Overpowering or Understanding?
Being designated a Pioneer in Palliative Care is a wonderful surprise. It is a privilege to join this group, but beyond that, an invitation from the community to tell your story is a great gift. I hope what follows is helpful.
Disillusionment and Discovery
My palliative care wake-up call came in 1976, at the beginning of my third year at Stanford Medical School. I had high aspirations for an academic career, possibly in cardiology. For my first clerkship I picked internal medicine.
One of my first patients, Mr. M., had mycosis fungoides, an ugly form of lymphoma that was rare then, although acquired immune deficiency syndrome (AIDS) would make it distressingly common in the 1980s. Fighting end-stage disease, this gentleman had flown a thousand miles for a clinical trial of adriamycin, now a mainstay of cancer treatment.
Mr. M. was near death, confirmed by low blood cell counts and bone marrow effacement. As I worked him up, I wanted to know how he and his wife, a prim woman in a pink wool suit and pillbox hat, were feeling about his condition. Emotions had never come up in class, and I had no idea how to ask about them. My own feelings were mixed. I felt like a coward, and I was ashamed of that. But at the same time I felt a sense of excitement, even awe, looking at this unexplored territory. It reminded me of clear nights as a child, lying on my back gazing up at the empty space between the stars, both scared and strangely calm, trying to imagine how vast that dark immensity could possibly be.

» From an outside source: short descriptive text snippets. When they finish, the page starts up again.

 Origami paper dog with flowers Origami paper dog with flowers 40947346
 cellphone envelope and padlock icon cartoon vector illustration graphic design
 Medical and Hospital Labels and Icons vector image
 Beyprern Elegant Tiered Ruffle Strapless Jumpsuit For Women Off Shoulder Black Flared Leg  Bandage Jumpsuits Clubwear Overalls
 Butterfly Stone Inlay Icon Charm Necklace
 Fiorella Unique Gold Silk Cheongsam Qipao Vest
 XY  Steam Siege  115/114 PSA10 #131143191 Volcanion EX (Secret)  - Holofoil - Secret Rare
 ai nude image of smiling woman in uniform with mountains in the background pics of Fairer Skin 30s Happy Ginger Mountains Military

To my surprise (although looking back, I should have known better), not one member of the attending or house staff was willing to admit that Mr. M. might die, probably sooner with treatment than without. I asked the chief resident to call a meeting to discuss this.
The meeting room was packed with eminent academics expecting a typical morning report. I presented the case, and ended with a question: Shouldn't we talk with the patient and his wife about their hopes, their fears, their unrealistic expectations? The room fell silent. This was rare. Normally these people would have been tripping over each other to render an opinion.

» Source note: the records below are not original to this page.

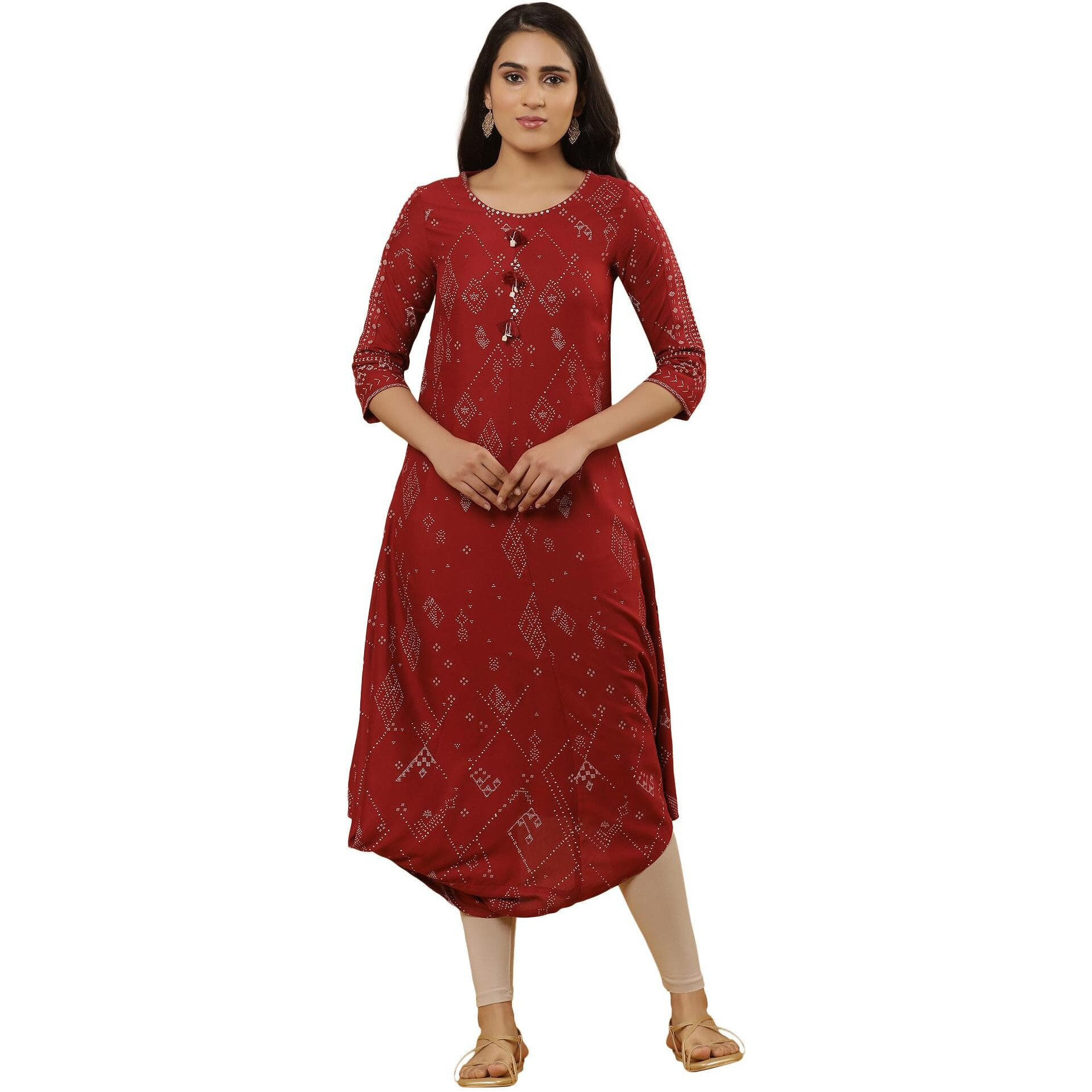 W Women Red Geometric Print Viscose Kurta Set With Tight_24Onws18083-119705_2Xl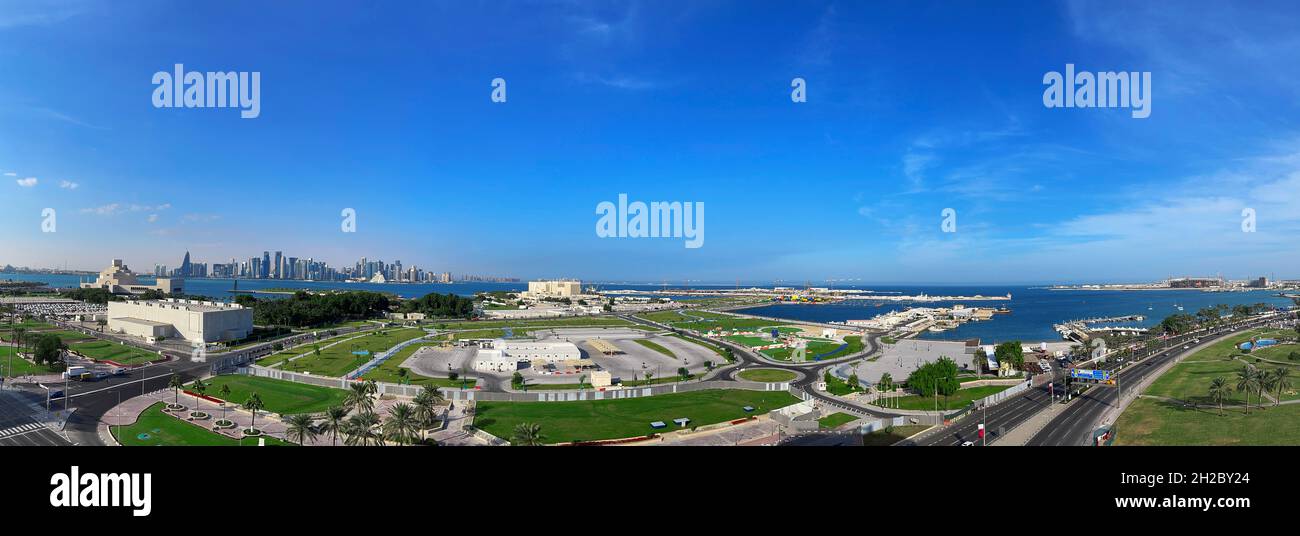 Doha Cornish skyline - QATAR Stock Photo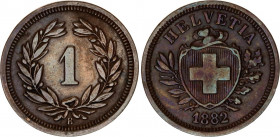 Switzerland 1 Rappen 1882 B
KM# 3.1; Schön# 15; N# 161; Bronze; Mint: Bern; XF-AUNC Toned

"We don't really have a language for this," a professor of hematology finally said. "English might work," I thought, but I was not brave enough to say it. I found myself in a minicrisis. I had idolized the erudition of my mentors, and the seamless consistency of the body of medical knowledge they espoused. That admiration had buoyed me through many sleepless nights of study.

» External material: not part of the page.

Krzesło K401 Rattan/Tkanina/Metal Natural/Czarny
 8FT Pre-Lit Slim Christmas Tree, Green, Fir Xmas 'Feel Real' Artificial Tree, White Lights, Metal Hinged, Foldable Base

Now in this uneasy silence, I could almost hear the air hissing out of my balloon. The meeting broke up. Fifteen minutes later the chief resident caught me in the hall. He told me the decision had been made to go ahead with treatment. I volunteered to give it, and mixed the adriamycin myself. I immediately saw why the residents called it "the red death". The syringe, filled with flaming fluorescent scarlet drug, felt like a bolt from Hell in my hand. I infused it slowly into Mr. M.'s intravenous line to avoid local tissue damage, feeling torn because I knew it would ravage what was left of his bone marrow. Sure enough, within 48 hours his platelets dropped to zero, whereupon he bled into his brain and died. Everyone but me went on to the next case as if nothing had happened.
This willful unawareness of death left me feeling both crazy and curious. How could we devote so much energy to probing the mechanisms of life on the submolecular level, but ignore this massive emotional train wreck right in our midst? [Note to young colleagues: pay attention to those things that make you grit your teeth and clench your fists, for they may contain the seeds of your future passion.]
In case after case I watched clinicians battle vainly against death, without any real consciousness of what dying might actually be about. In particular, I was struck by the almost complete lack of feeling among many (although not all) of my colleagues. Meanwhile, I watched patients and families feel so intensely, so openly, in such a raw and painful way, about their suffering and loss. This disconnect was offensive to me, and my distress was compounded by the fact that nobody else seemed to be bothered by it at all.
So I decided to hop off the academic fast track, and plunged into general medical practice in a small northern California community. The glorious system of medical knowledge I had so admired, and still tried to master, now seemed too small. I yearned to find a kind of knowing that was more comprehensive than this. I wanted to learn howto respond openly and honestly to people afflicted with illness and dying, to become truly "response-able". For a while it felt like a lonely quest.
Then I discovered family meetings.
Family meetings could span the emotional gamut from hair-raising to hilarious, but they could also contain pools of silence that felt sacred.
I learned that they could span the emotional gamut from hair-raising to hilarious, but they could also contain pools of silence that felt sacred. There was a lot to learn for all of us, and there always will be. Experience taught me that the real work often started only after all curative treatment options had failed. Then we were free to talk about the unspeakable, and to listen deeply.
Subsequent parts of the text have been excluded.